La contribution de Bansky au projet est exclusivement financière, l'équipe du Louise Michel est dirigée par l'activiste Pia Klemp, dont l'histoire a attiré l'attention de l'artiste et l'a encouragé à collaborer financièrement avec elle. Pia Klemp est capitaine de navire et a collaboré avec différentes ONG allemandes lors d'opérations de sauvetage en Méditerranée, sauvant ainsi la vie de milliers de migrants. En 2017, le navire qu'il pilotait à l'époque, l'Iuventa, a été détourné dans le port de Lampedusa, accusé par le gouvernement italien d'encourager l'immigration clandestine. Dans des déclarations au Guardian, qui ont été publiées dans plusieurs médias, Pia Klemp a déclaré qu'elle ne considère pas le sauvetage des migrants comme des actions humanitaires, mais comme faisant partie de la lutte antifasciste.

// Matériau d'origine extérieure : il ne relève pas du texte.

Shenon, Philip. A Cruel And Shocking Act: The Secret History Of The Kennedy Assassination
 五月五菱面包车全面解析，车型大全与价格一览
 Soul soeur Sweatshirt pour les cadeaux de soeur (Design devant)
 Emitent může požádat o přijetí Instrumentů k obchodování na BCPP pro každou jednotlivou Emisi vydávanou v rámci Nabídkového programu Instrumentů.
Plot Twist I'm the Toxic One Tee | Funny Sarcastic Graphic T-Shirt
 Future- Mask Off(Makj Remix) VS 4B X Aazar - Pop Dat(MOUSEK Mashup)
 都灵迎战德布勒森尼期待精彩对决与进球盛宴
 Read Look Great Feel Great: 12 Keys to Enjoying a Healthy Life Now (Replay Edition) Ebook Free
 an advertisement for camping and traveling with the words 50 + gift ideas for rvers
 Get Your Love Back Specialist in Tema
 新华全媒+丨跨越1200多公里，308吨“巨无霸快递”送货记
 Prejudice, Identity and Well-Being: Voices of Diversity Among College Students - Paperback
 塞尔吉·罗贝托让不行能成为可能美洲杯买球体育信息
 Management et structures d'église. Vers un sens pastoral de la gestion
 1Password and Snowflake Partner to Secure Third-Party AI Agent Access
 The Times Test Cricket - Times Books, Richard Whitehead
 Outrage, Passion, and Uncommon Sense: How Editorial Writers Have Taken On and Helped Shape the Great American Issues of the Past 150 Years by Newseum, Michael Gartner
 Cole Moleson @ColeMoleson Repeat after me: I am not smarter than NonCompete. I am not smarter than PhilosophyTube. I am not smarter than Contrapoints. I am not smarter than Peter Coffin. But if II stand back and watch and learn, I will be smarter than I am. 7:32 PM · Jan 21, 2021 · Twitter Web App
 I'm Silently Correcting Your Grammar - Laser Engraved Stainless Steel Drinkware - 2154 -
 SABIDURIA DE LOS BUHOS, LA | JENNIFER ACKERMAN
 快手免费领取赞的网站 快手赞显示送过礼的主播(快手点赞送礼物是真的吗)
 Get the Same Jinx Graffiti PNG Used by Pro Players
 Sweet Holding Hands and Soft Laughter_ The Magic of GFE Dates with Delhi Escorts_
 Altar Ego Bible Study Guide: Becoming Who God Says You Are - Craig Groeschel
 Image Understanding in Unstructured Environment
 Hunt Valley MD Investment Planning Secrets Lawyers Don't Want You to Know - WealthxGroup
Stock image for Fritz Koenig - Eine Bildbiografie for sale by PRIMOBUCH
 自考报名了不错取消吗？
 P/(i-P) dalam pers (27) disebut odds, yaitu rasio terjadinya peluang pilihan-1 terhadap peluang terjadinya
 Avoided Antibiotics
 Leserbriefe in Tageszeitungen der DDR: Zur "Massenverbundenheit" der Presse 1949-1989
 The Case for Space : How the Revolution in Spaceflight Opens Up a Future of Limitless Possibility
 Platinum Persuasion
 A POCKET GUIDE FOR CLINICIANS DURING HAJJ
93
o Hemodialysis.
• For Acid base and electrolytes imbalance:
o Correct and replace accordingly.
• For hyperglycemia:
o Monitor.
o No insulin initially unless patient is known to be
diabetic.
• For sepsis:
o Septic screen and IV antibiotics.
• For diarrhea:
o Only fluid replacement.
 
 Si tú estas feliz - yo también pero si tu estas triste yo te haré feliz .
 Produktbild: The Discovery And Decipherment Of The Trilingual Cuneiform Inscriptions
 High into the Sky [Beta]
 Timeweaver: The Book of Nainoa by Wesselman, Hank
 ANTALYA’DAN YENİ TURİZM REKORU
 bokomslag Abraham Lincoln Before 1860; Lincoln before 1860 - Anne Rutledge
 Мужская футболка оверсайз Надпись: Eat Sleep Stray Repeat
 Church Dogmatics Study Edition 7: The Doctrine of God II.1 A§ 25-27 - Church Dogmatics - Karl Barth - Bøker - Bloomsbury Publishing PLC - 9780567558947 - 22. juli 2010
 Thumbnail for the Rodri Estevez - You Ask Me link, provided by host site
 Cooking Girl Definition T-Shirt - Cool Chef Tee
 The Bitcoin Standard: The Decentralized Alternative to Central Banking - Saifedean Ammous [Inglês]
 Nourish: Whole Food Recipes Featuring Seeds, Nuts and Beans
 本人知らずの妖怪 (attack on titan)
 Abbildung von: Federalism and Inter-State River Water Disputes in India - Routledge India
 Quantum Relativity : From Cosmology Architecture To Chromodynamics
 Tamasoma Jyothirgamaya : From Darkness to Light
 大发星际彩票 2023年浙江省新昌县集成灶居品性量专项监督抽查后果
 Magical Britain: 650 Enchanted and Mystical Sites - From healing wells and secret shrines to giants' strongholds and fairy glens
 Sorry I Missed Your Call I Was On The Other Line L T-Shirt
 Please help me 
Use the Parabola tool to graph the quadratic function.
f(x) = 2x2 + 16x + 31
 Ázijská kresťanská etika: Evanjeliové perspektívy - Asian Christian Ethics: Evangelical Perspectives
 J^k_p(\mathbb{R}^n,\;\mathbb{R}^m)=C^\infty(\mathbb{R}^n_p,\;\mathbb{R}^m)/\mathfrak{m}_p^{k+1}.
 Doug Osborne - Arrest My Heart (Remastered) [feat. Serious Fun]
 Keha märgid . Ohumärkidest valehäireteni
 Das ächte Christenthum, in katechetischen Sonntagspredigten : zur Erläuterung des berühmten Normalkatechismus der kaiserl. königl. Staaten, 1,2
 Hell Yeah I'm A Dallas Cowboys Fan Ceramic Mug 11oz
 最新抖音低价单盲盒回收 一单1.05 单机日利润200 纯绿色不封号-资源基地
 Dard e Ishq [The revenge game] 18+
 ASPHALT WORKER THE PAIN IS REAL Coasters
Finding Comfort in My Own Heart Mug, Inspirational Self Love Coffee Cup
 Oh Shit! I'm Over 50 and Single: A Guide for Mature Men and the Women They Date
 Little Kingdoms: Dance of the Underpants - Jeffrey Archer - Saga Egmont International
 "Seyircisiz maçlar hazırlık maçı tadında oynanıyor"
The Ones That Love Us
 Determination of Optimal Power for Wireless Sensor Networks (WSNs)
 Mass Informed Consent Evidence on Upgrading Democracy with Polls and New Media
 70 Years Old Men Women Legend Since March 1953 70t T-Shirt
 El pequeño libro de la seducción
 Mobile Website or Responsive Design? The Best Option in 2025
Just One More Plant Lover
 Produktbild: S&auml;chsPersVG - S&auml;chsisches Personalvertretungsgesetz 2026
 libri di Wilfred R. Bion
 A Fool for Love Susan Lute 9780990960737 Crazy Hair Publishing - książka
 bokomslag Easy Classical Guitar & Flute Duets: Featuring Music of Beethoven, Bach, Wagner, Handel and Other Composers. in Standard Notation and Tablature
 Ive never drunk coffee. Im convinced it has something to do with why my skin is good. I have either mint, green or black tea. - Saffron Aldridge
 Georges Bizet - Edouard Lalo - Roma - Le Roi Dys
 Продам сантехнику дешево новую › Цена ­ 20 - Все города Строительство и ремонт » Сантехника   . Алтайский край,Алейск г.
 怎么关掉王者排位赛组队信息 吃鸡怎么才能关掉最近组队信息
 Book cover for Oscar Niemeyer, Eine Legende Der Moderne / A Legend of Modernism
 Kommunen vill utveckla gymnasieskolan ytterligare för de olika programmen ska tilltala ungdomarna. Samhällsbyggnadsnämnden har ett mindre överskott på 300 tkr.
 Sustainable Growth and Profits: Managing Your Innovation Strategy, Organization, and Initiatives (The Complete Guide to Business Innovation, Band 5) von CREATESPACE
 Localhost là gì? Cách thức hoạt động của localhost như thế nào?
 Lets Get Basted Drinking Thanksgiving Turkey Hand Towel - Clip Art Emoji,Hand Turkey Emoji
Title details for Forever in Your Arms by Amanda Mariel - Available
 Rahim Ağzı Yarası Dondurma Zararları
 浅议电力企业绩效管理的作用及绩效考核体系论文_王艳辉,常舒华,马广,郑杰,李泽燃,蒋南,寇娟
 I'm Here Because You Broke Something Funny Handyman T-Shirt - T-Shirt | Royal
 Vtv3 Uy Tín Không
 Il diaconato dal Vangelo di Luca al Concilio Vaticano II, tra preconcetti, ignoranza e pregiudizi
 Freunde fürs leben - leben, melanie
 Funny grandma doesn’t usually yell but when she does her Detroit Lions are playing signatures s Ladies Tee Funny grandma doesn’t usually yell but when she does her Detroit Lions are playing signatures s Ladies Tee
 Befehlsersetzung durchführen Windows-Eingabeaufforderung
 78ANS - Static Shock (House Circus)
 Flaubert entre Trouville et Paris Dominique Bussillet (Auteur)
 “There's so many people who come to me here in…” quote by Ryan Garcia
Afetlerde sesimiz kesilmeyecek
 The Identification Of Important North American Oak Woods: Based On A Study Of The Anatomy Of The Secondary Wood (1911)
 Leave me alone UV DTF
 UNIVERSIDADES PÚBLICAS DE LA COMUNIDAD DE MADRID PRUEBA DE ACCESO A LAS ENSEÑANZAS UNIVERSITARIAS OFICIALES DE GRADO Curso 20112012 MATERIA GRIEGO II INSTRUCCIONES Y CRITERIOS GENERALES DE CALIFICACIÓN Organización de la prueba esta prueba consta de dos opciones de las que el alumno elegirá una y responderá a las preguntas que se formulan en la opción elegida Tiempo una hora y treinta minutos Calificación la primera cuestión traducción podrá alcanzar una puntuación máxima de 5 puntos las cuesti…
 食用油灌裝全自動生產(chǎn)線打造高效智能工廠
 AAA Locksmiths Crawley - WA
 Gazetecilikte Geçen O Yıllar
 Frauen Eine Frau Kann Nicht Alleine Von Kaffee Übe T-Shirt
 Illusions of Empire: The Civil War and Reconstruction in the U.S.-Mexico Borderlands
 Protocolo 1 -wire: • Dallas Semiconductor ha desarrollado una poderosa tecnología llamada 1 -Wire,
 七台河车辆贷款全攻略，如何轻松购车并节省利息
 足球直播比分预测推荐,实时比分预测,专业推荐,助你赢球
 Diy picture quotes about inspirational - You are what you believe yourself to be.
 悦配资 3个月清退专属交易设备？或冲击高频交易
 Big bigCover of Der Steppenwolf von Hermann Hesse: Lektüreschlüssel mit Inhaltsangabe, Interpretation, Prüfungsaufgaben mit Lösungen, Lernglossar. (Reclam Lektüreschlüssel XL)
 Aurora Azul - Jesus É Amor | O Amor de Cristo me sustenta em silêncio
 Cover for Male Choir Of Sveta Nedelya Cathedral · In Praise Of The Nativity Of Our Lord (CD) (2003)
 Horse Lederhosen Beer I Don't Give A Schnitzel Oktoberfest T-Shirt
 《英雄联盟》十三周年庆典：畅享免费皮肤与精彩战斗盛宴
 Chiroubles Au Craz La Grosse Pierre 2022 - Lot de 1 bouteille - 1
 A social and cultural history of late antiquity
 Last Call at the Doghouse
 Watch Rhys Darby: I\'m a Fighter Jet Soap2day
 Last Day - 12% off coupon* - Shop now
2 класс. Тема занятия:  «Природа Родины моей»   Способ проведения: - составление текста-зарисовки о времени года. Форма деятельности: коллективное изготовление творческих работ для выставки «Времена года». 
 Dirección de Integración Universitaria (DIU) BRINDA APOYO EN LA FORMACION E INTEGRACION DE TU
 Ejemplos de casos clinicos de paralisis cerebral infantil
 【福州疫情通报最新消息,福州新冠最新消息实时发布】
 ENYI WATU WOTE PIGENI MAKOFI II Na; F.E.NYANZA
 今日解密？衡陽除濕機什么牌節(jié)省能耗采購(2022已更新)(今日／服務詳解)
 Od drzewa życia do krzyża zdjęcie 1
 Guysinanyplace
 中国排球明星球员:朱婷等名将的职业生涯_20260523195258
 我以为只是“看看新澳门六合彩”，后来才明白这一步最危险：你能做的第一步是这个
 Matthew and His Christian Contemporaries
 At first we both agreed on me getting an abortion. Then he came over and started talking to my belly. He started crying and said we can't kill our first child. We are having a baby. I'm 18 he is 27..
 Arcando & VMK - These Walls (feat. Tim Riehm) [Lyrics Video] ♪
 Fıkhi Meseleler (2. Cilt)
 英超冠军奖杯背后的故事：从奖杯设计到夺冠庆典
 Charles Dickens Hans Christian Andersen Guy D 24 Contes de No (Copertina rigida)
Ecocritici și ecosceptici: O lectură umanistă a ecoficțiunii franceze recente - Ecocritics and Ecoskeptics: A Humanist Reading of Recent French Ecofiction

Après une première opération de sauvetage réussie de 89 migrants le 27 août, le Louise Michel a appelé à l'aide deux jours plus tard lorsqu'il a été immobilisé à pleine capacité après avoir fait face à un nouveau sauvetage, cette fois de 219 personnes, et a été assisté par le Sea-Watch4, un bateau lié à Médecins Sans Frontières, qui a pris en charge 150 des migrants sauvés par le premier.
Les projets et les actions d'Eliasson et de Bansky sont, chacun à leur manière, un échantillon des différentes façons dont la relation entre les arts et la migration peut être concrétisée, et en même temps un reflet de l'engagement social de leurs promoteurs.
Luis Guerra, professeur de langue espagnole à l'Université européenne de Madrid, est l'un des principaux chercheurs du projet INMIGRA3-CM, financé par la Communauté de Madrid et le Fonds social européen.